Wheeler Machinery Company

With Precisely, Wheeler was able to remove BI workload from its production systems yet also provide managers with up-to-the-minute data

Wheeler Machinery Company’s business is all about providing high levels of service to their heavy equipment customers. Its managers need timely access to information in order to make critical decisions quickly. The business intelligence (BI) software used to provide this information accesses vast quantities of data. It then “slices and dices” it in ways that allow Wheeler’s managers to spot important issues that demand attention. These BI processes can consume considerable disk I/O bandwidth and processor resources.

As a result of their data-intensive nature, when BI applications run on production systems, they can impair the performance of other business applications.Traditionally, these applications were run on a separate server, against nightly or weekly snapshots of production data. But this approach forced managers to work with data that was not current. Wheeler needed a way to remove the BI workload from production systems while also providing managers with access to up-to-the-minute data.

Because of the ongoing replication interruptions, they experienced some situations that started to cause the business to lose confidence with the data and processes. There were numerous occasions when replication would fail just before midnight and the EDW build process would never start. As a result, key metrics and critical scorecards the company have come to depend on through all levels of the organization would not get distributed.

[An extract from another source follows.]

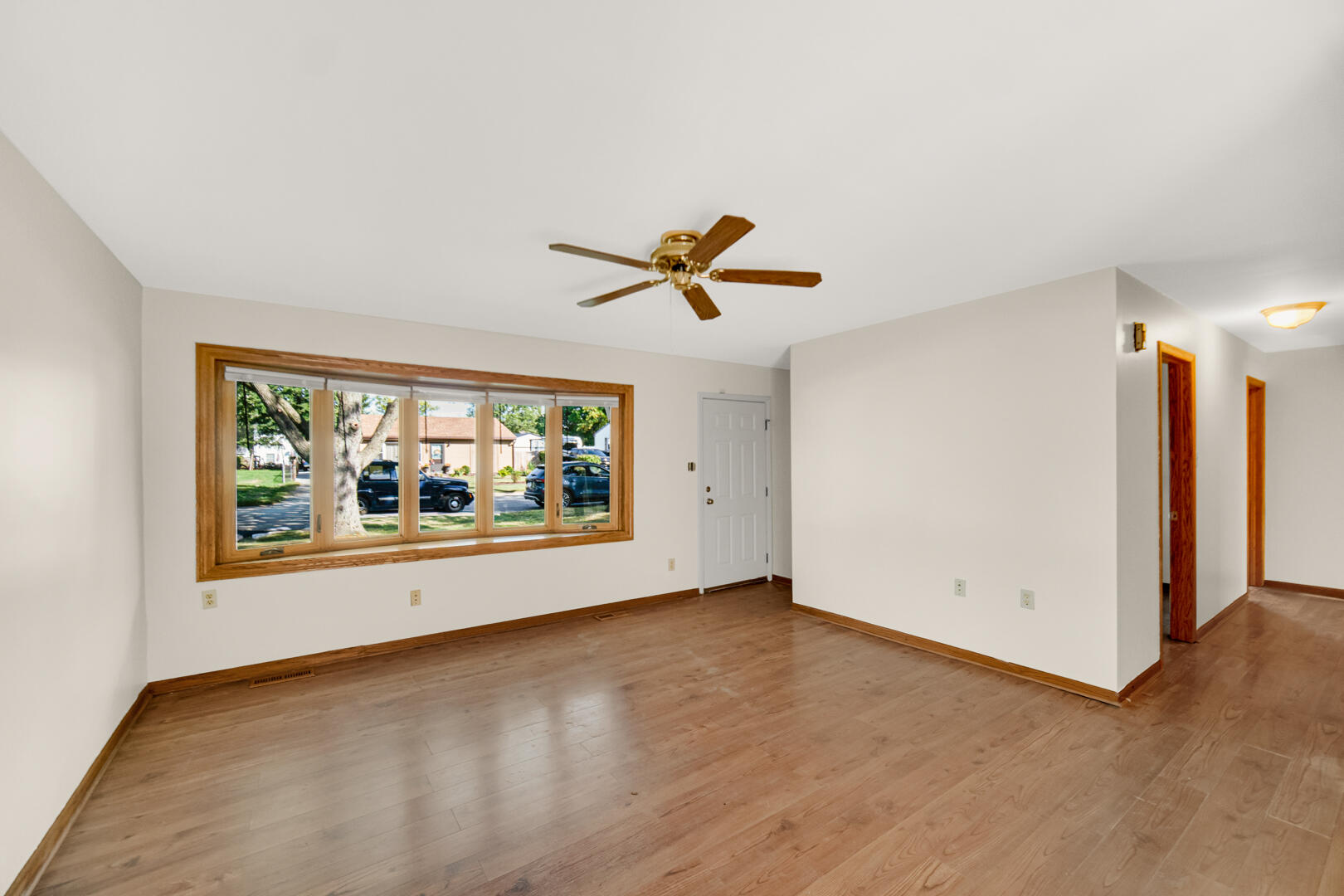 716 Fremont Road Valparaiso, IN 46385 - Photo 3 of 21 1620x1080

The other issue they encountered was with the data itself. When recovering from a replication outage there were times when the restart point was slightly off, causing issues such as gaps in the data which would only come to light when their users complained. As a result, they started questioning the overall validity of the data.

One of the requirements was that the technology architecture NOT change. Their business processes were in place and tested and as long as the real-time data was correct, the architecture was exactly as they wanted.